A charge pour les acteurs de les faire entendre avant d’en donner une autre interprétation, purement gestuelle, au corps à corps avec la profusion d’objets qui remplissent le plateau et en accord retentissant avec la musique live et la juxtaposition saisissante de créations vidéo mutantes et inquiétantes. Il y a de l’Alien dans cette vision futuriste d’une humanité aimantée autant qu’effrayée par la vitalité de ses peurs, pulsions et cauchemars qu’alimentent ses visions. C’est l’aspect paradoxalement rassurant de la science-fiction : inventer des monstres irréels pour se détourner de la monstruosité ambiante déguisée en normalité.
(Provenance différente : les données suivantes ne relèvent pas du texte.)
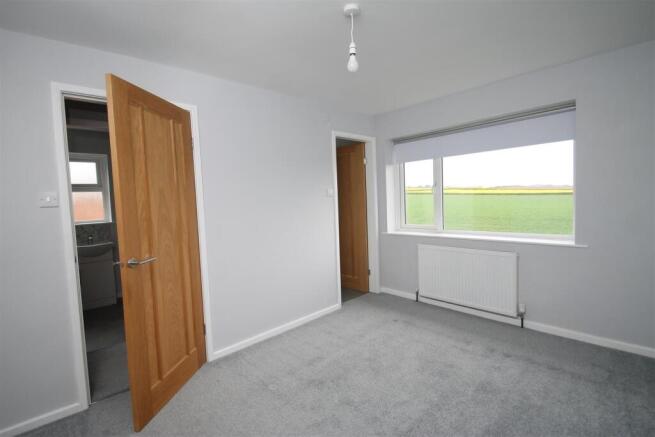 bedroom 1.JPG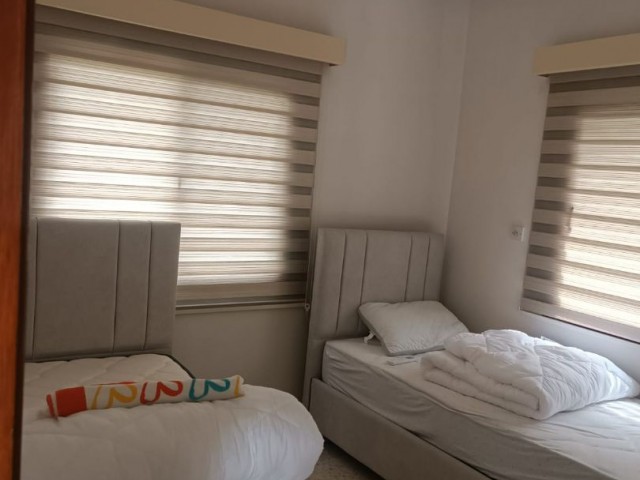 Girne Karşiyaka da 1 dönüm arsa içinde satılık 3+1 villa. - Fotoğraf 2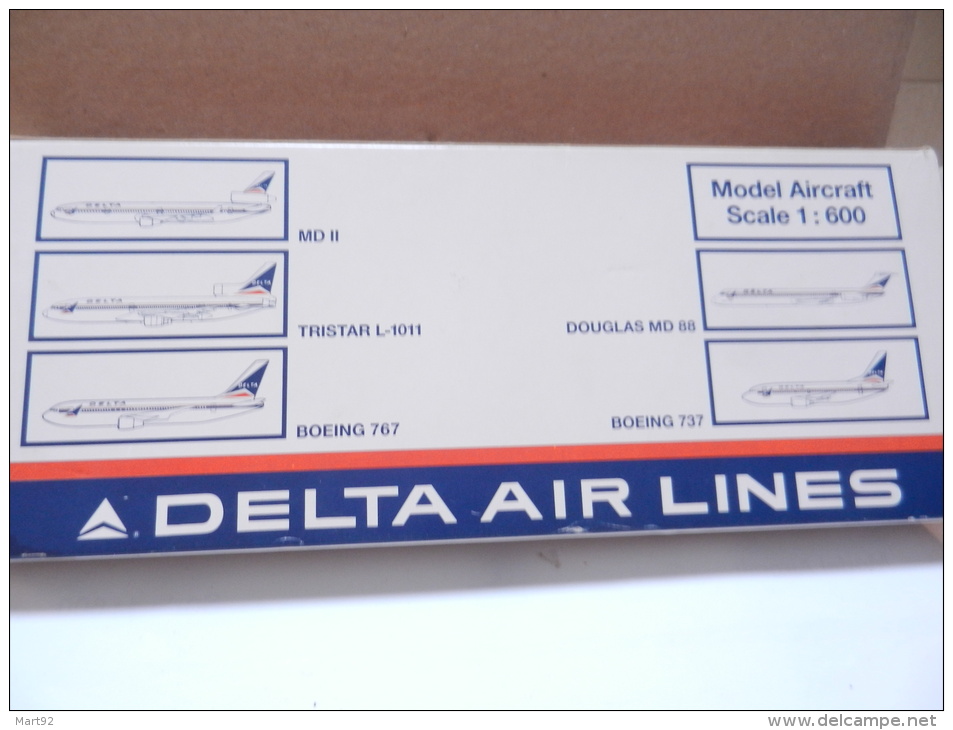 COFFRET PROMOTIONNEL  5 AVIONS EN METAL  AU  1/600 EME DELTA AIR LINES MADE IN RFA - Materiale Promozionale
Désordre, texte et mise en scène Hubert Colas.
La solitude à deux, c’est pas terrible, diront certains. La solitude à des millions de vues, telle qu’elle s’éprouve dans les réseaux sociaux, c’est encore pire, constate Hubert Colas dans Désordre. Dans cette pièce écrite sur commande pour le deuxième numéro d’une revue avec l’Anomalie comme fil conducteur, l’auteur s’interroge d’abord sur le sens du mot pour vagabonder sur ses diverses définitions et s’arrêter enfin sur sa propre appréhension du terme : « Ce que je nommerai l’anomalie de l’existence : la solitude. Non pas celle du romantisme, précise Hubert Colas, encore que je pourrais trouver plaisir à y écrire. Mais la solitude comme source du désordre de la vie ou de son accomplissement si on l’accepte. Mon anomalie sera l’expression de la solitude comme l’événement engendré par le désordre du monde d’aujourd’hui. L’anomalie, le désordre d’aujourd’hui serait justement dans une époque comme celle que nous vivons : la solitude.«
Rire comme un lapin qu’on étrangle…
Rechignant à l’envisager sous un angle dramatique, c’est au contraire par le biais de la fantaisie et de (l’insoutenable) légèreté de l’être qu’Hubert Colas donne voix à l’expression de la solitude à travers plusieurs personnages. Des filles de joie, fausse jumelles désenchantées, une fille esseulée qui s’en remet à internet pour recenser les meilleures phrases pour draguer ou pour rompre, un homme qui ne sortira pas d’une image vidéo d’où il revendique son retrait du monde. Mais aussi un musicien, un célibataire faussement jovial qui » rit comme un lapin qu’on étrangle « . Et au point où on en est, on ne s’étonne pas que même les fauteuils du décor se mettent à parler eux aussi, du langage, de la peur, de la mort et de cette » grande farce qui a commencé « .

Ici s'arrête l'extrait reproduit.